The man who predicted the European debt crisis
By Charles Lane
Europe’s financial crisis is rapidly metastasizing into a political one, and the coherence of the European Union is more doubtful than at any previous time in recent memory.
That’s the meaning of last week’s European summit, in which 26 leaders either accepted a German-French plan for tight fiscal discipline or agreed to consider it — while British Prime Minister David Cameron said no, amid nationalistic finger-pointing across the continent.
Europe’s politicians are making a hash out of the once-proud project of United Europe, and, in the process, making a prophet out of Martin Feldstein.
In 1997, before the first euro note had rolled off the presses, the Harvard economist surveyed Europe’s plans for a single currency and, in a lengthy essay in Foreign Affairs, predicted that they would come to grief.
Like many of his colleagues, Feldstein doubted the single currency’s economic viability absent political and fiscal union.

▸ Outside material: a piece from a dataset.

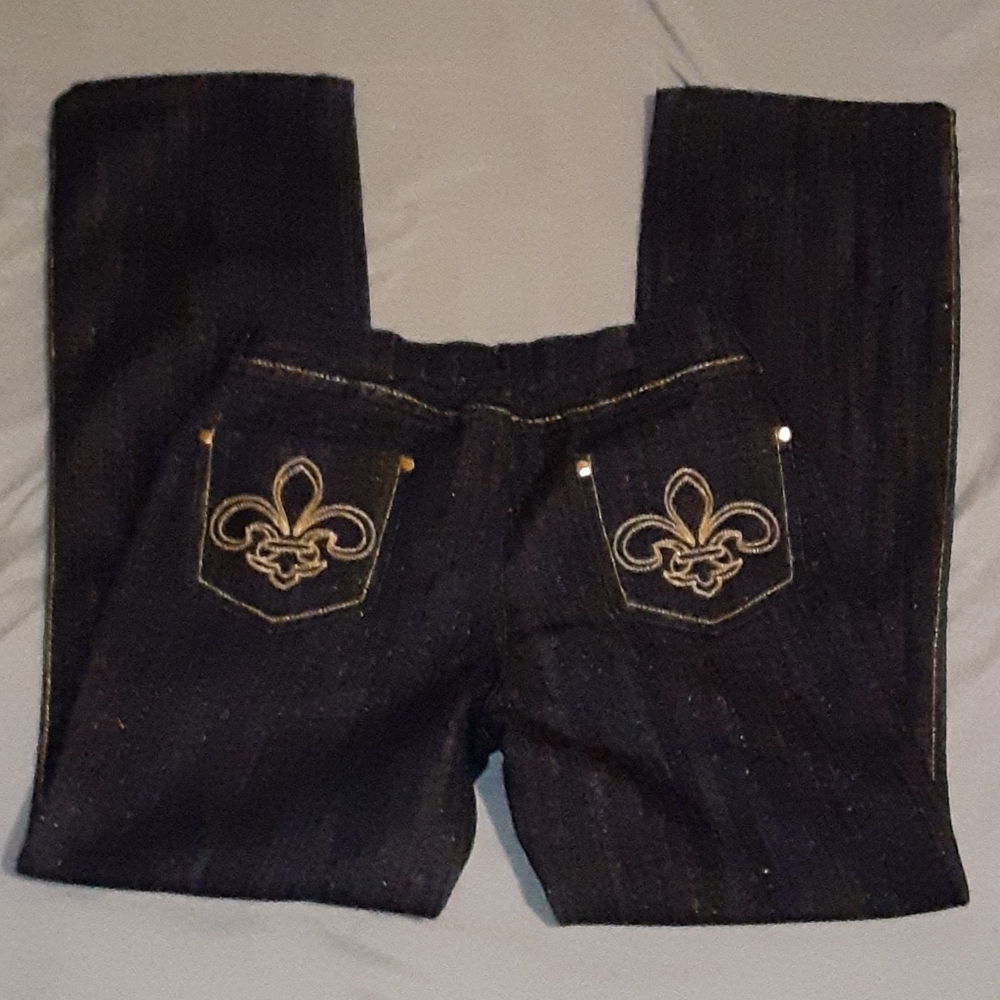 Drama Gold , Gold sparkle jeans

What Feldstein saw with special clarity, though, was the disaster that would ensue even — or perhaps especially — if Europe tried to increase political and fiscal union for the sake of monetary union.
As Feldstein wrote: “A political union of European nations is conceived of as a way of reducing the risk of another intra-European war among the individual nation-states. But the attempt to manage a monetary union and the subsequent development of a political union are more likely to have the opposite effect. Instead of increasing intra-European harmony and global peace, the shift to [monetary union] and the political integration that would follow it would be more likely to lead to increased conflicts within Europe and between Europe and the United States.”
Feldstein foresaw that the trigger for political tension would be a sharp economic downturn, imposing different levels of unemployment on different members of the monetary union, because high-unemployment countries could not recover their competitiveness through currency devaluation.
The ensuing “conflicts over economic policies and interference with national sovereignty could reinforce long-standing animosities based on history, nationality, and religion,” Feldstein warned. “Germany’s assertion that it needs to be contained in a larger European political entity is itself a warning. Would such a structure contain Germany, or tempt it to exercise hegemonic leadership?”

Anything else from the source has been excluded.